**Work to be completed:** Exactly the lines below, starting with the one containing "Arrival Calendar Includes" and going on through the one containing "camgirl playing with sex toy FlorettaLucius", must be reproduced, both ends included, and no pictures with them.

================================

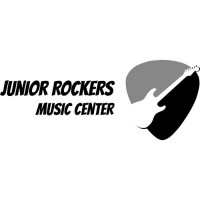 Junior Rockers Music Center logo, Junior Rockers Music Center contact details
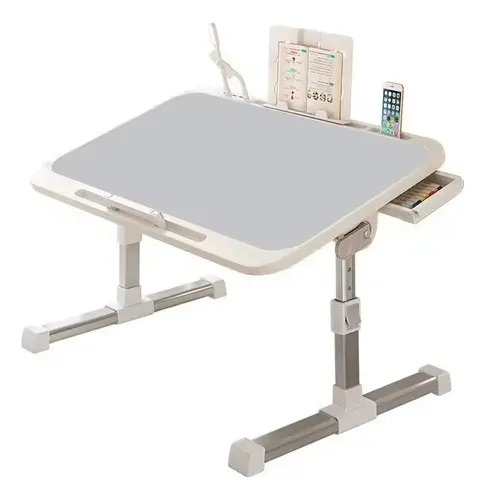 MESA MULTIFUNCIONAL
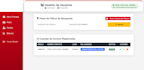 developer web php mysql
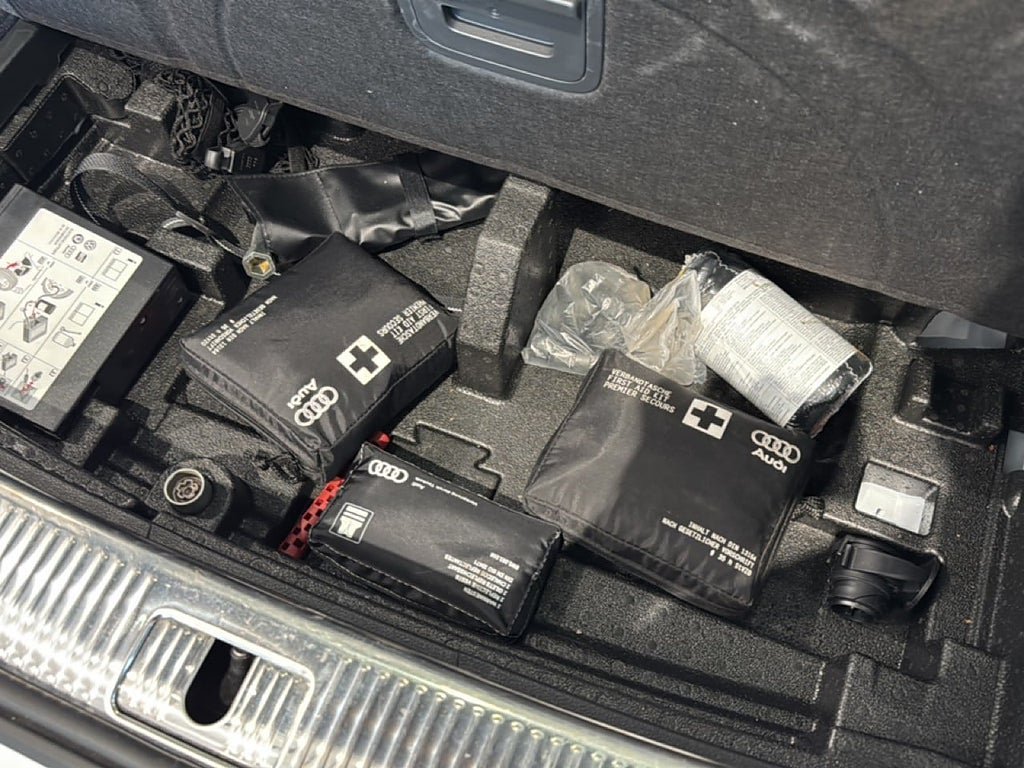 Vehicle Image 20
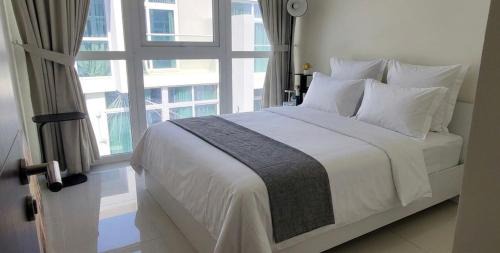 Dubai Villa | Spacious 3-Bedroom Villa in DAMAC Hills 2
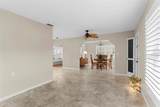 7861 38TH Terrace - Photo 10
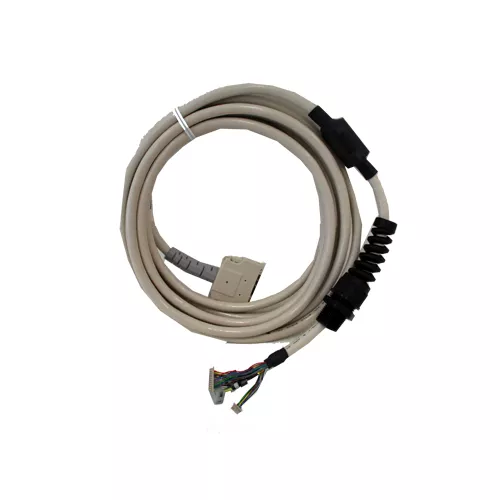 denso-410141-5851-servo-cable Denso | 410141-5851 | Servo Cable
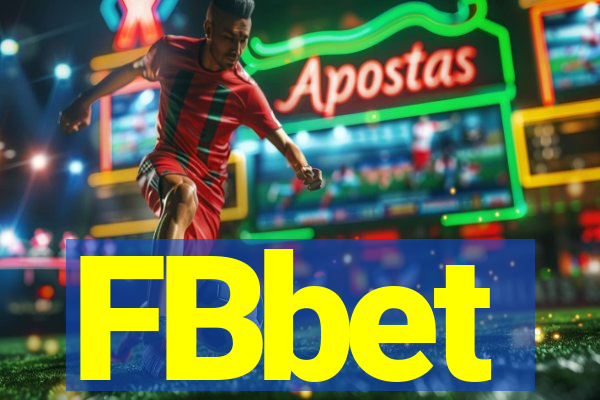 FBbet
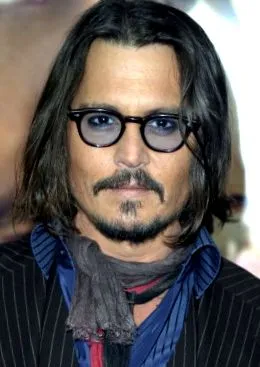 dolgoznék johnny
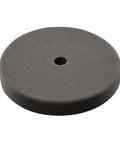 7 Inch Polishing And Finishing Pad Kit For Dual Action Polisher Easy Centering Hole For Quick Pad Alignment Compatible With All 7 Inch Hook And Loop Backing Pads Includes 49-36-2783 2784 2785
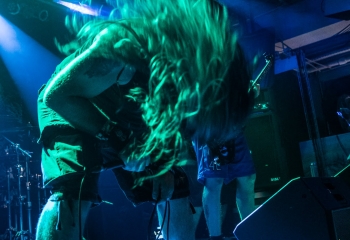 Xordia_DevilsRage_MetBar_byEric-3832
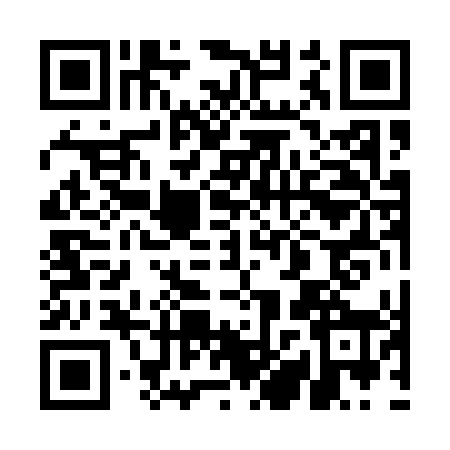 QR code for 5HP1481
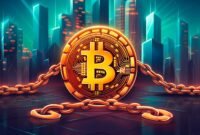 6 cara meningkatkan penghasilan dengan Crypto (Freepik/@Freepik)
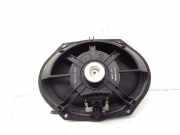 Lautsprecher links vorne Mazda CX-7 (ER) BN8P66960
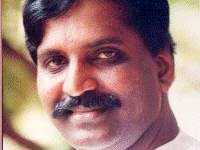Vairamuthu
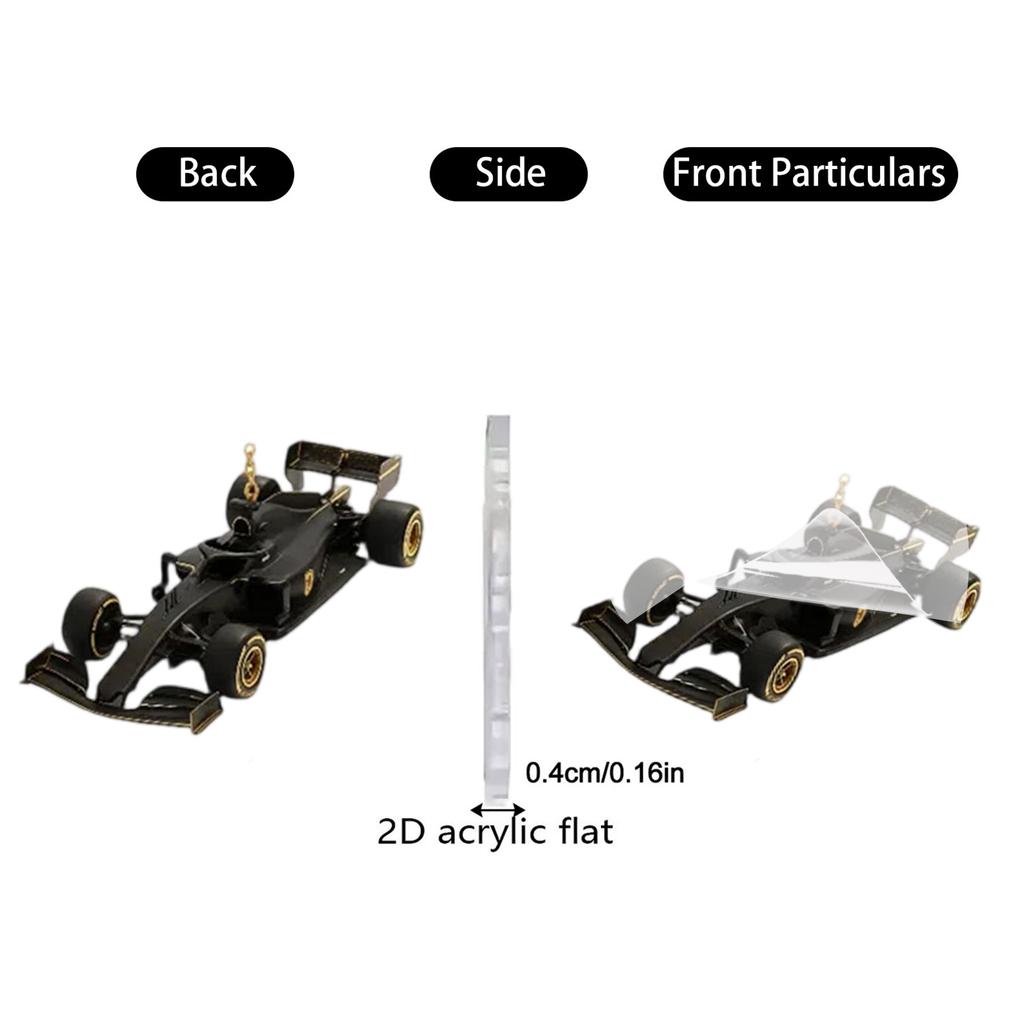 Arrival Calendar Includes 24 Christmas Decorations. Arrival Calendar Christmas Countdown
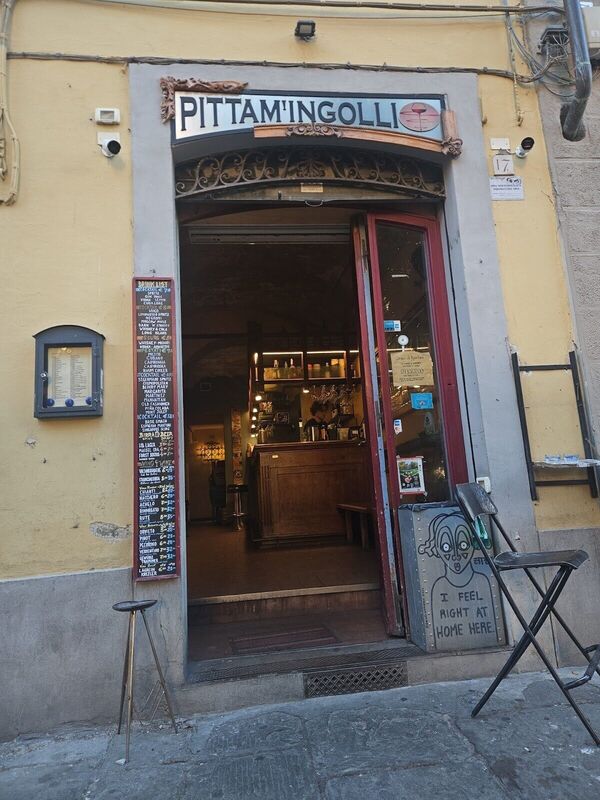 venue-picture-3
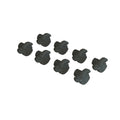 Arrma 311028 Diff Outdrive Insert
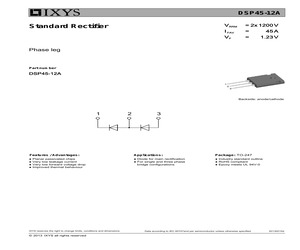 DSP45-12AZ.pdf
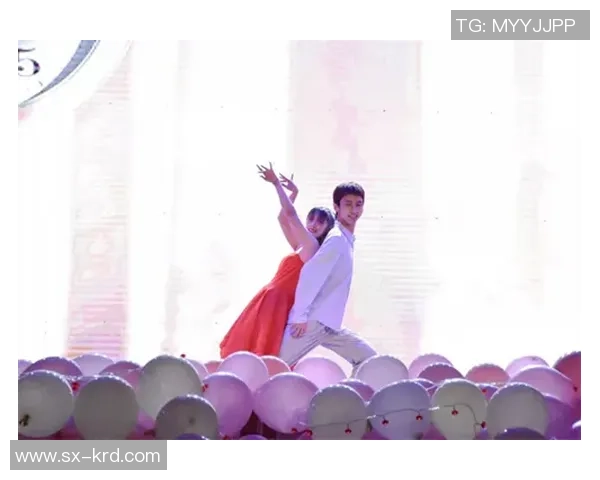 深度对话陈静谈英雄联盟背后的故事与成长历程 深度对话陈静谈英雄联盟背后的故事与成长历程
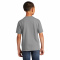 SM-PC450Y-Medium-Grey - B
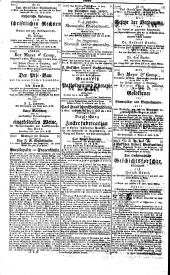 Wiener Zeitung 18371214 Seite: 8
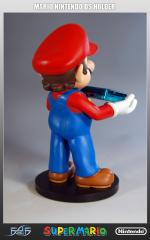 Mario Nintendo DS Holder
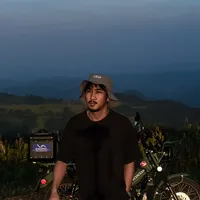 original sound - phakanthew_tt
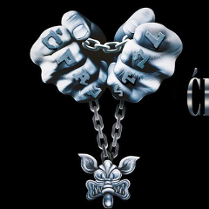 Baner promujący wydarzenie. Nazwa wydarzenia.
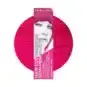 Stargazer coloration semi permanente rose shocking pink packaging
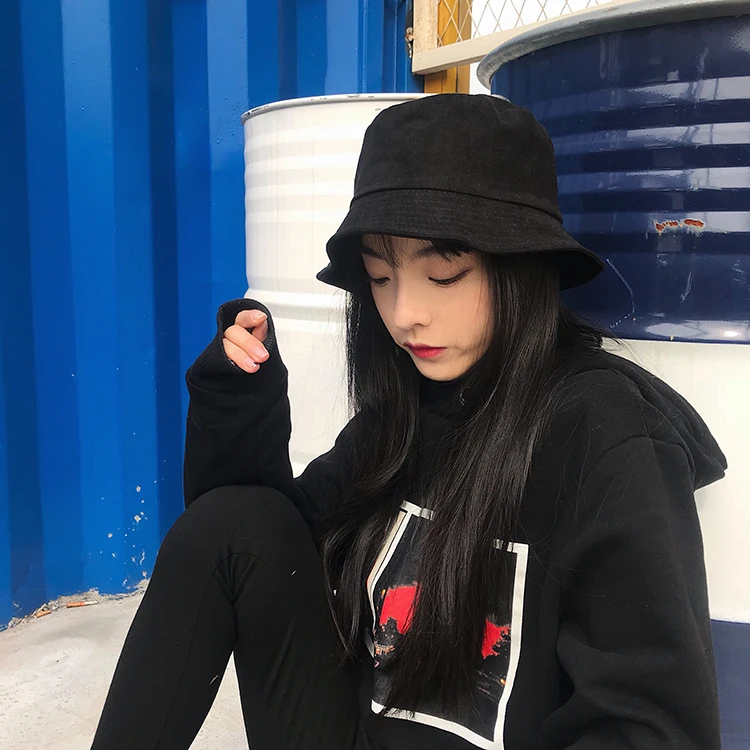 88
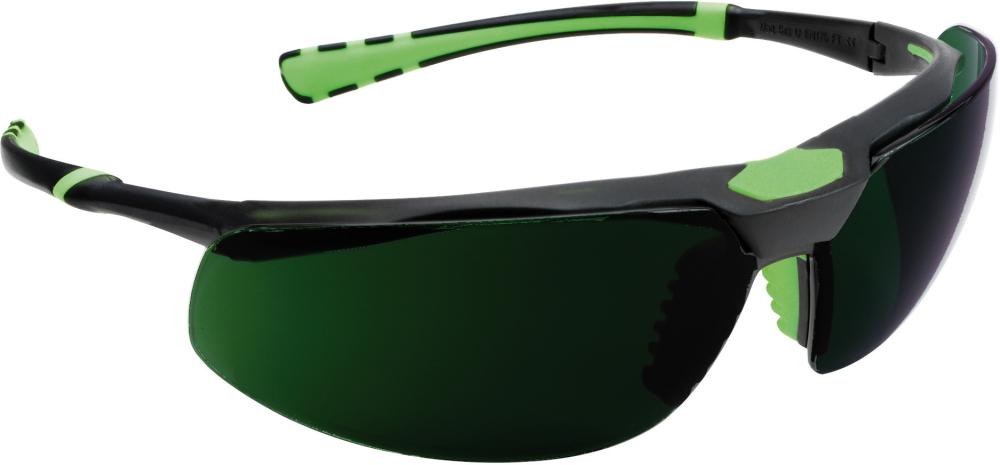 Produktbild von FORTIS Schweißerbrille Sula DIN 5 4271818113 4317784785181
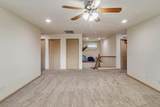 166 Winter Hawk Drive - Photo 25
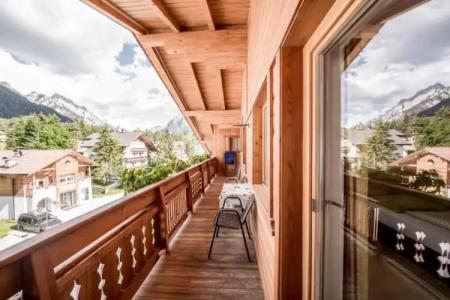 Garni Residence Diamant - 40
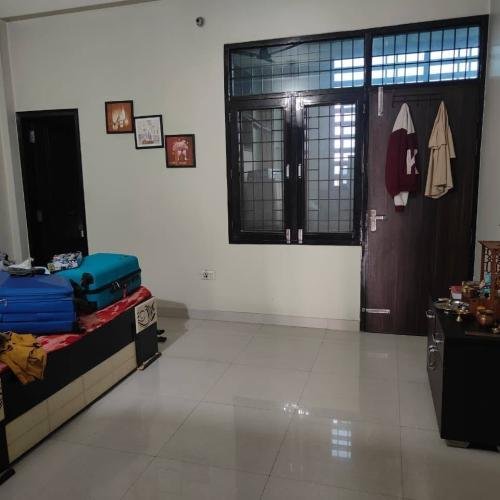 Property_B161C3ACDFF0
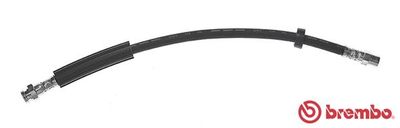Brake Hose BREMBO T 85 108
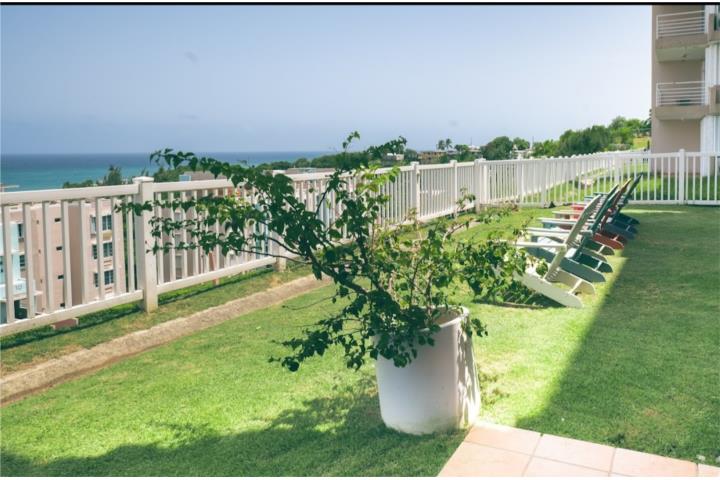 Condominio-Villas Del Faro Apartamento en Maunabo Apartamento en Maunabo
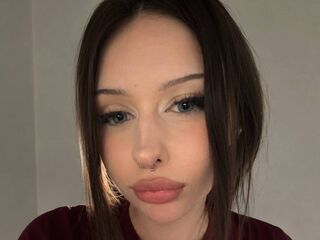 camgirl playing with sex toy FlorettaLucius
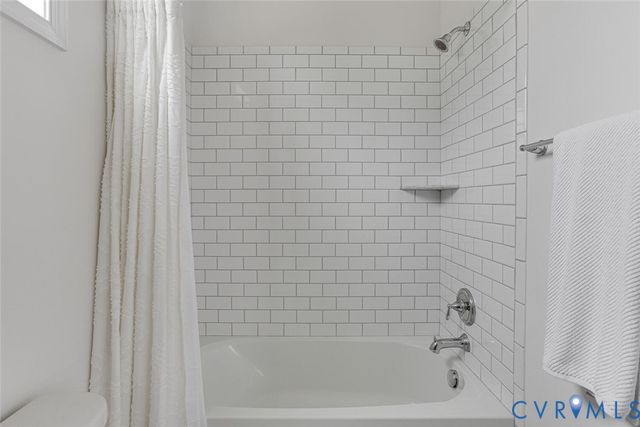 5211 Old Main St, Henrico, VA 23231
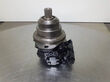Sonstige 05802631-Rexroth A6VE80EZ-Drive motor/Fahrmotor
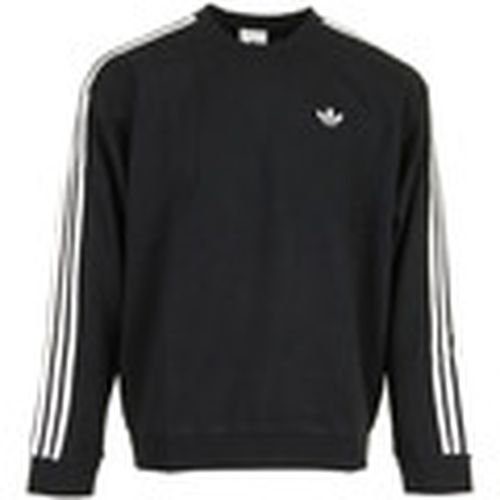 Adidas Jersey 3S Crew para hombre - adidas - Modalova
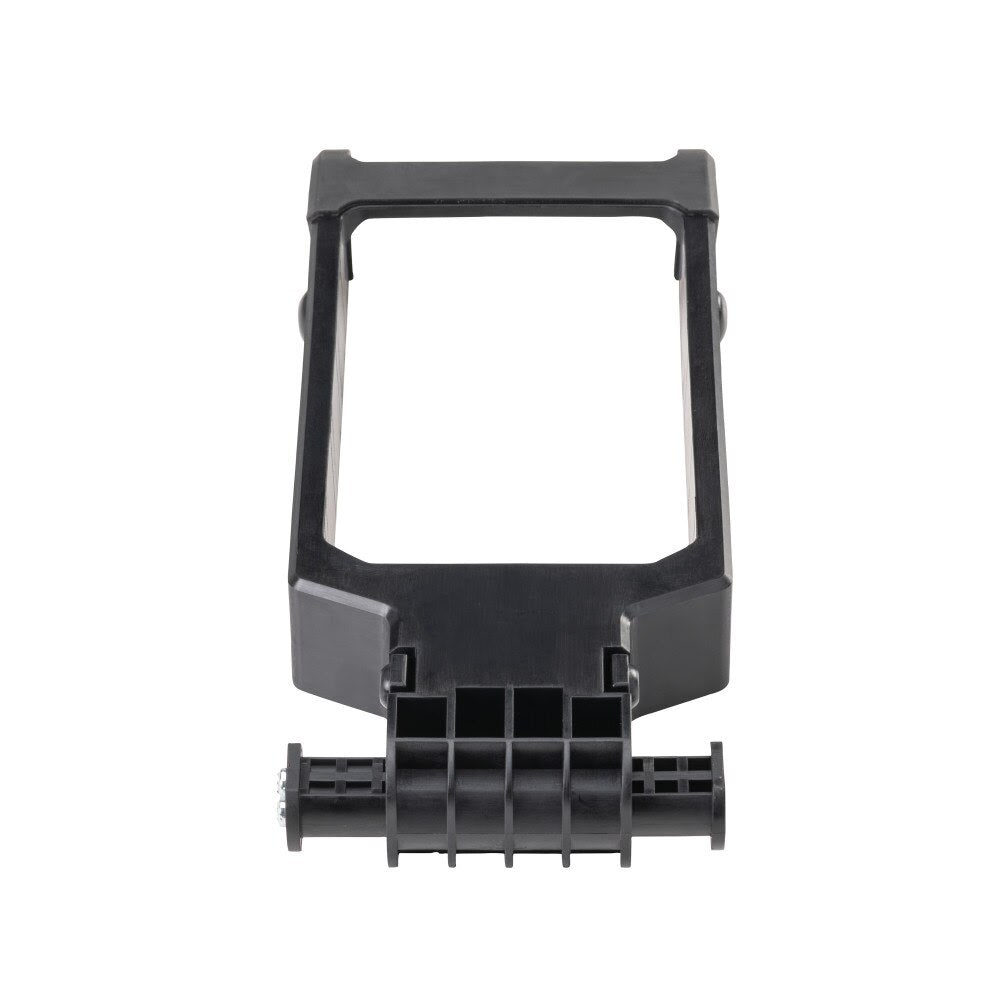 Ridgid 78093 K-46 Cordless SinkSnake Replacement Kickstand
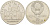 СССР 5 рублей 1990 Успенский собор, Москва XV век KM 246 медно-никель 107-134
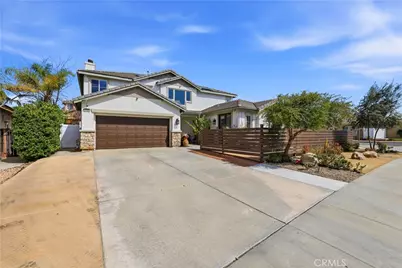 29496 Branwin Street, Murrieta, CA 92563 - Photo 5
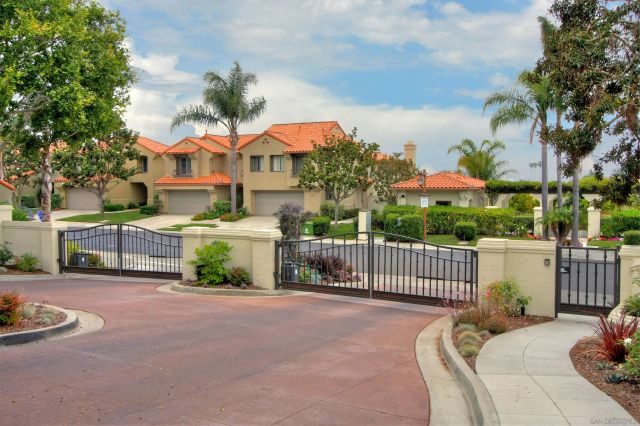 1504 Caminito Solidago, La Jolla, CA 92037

================================

**Answer box:**
 Arrival Calendar Includes 24 Christmas Decorations. Arrival Calendar Christmas Countdown
 venue-picture-3
 Arrma 311028 Diff Outdrive Insert
 DSP45-12AZ.pdf
 深度对话陈静谈英雄联盟背后的故事与成长历程 深度对话陈静谈英雄联盟背后的故事与成长历程
 SM-PC450Y-Medium-Grey - B
 Wiener Zeitung 18371214 Seite: 8
 Mario Nintendo DS Holder
 original sound - phakanthew_tt
 Baner promujący wydarzenie. Nazwa wydarzenia.
 Stargazer coloration semi permanente rose shocking pink packaging
 88
 Produktbild von FORTIS Schweißerbrille Sula DIN 5 4271818113 4317784785181
 166 Winter Hawk Drive - Photo 25
 Garni Residence Diamant - 40
 Property_B161C3ACDFF0
Brake Hose BREMBO T 85 108
 Condominio-Villas Del Faro Apartamento en Maunabo Apartamento en Maunabo
 camgirl playing with sex toy FlorettaLucius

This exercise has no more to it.